== Information supplied
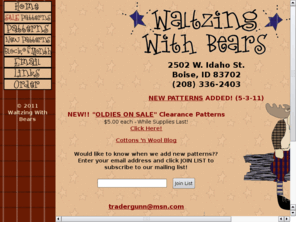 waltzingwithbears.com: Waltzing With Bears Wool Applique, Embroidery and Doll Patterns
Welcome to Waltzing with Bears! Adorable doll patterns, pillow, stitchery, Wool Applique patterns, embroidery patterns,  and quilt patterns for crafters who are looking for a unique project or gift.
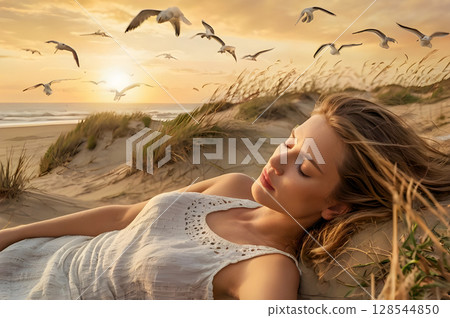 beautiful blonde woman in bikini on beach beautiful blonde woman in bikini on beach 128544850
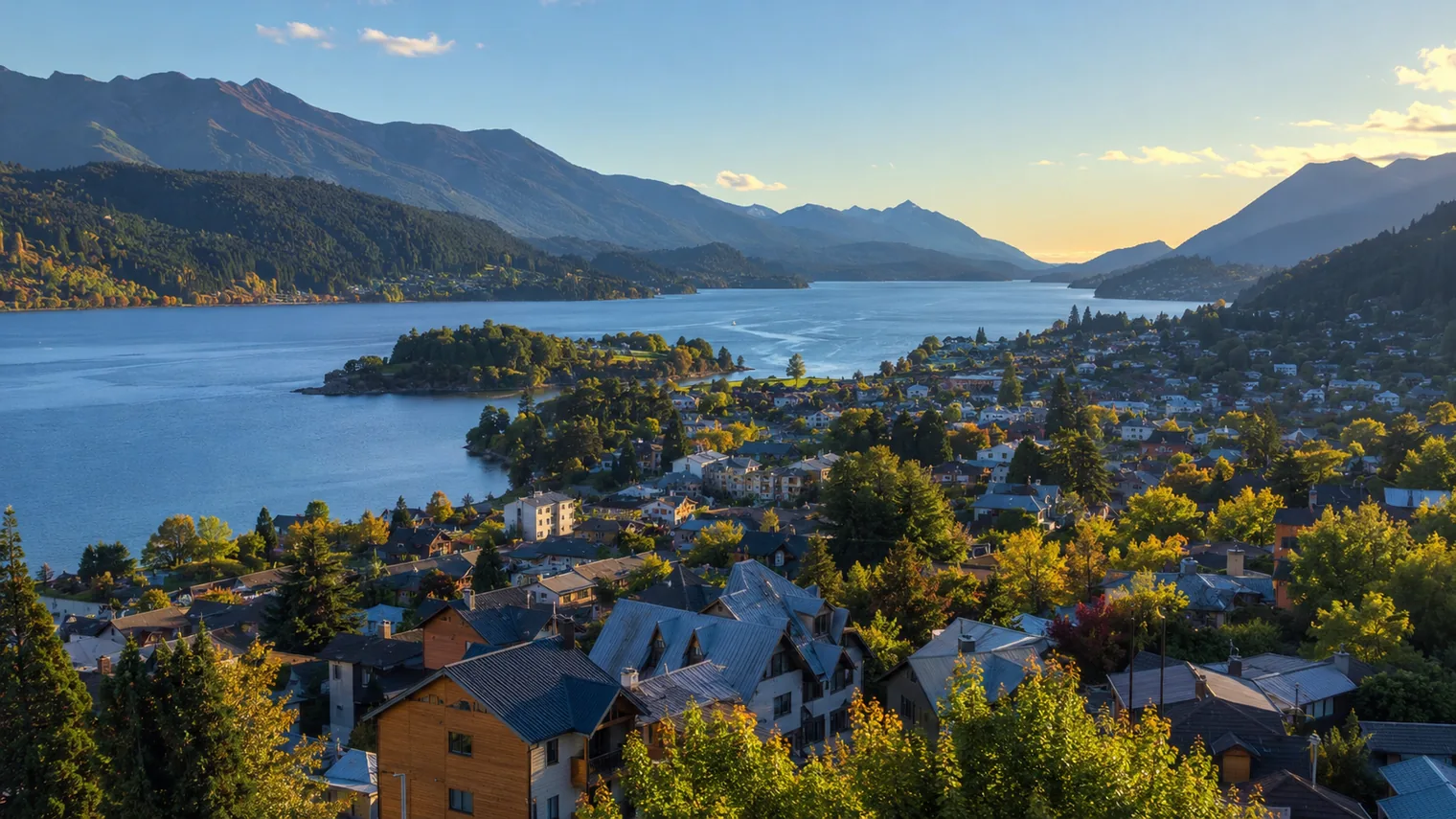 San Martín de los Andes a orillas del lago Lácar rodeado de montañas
====
What is expected:
Every line above is to be given again exactly, apart from the pictures.

Answer to this problem:
 waltzingwithbears.com: Waltzing With Bears Wool Applique, Embroidery and Doll Patterns
Welcome to Waltzing with Bears! Adorable doll patterns, pillow, stitchery, Wool Applique patterns, embroidery patterns,  and quilt patterns for crafters who are looking for a unique project or gift.
 beautiful blonde woman in bikini on beach beautiful blonde woman in bikini on beach 128544850
 San Martín de los Andes a orillas del lago Lácar rodeado de montañas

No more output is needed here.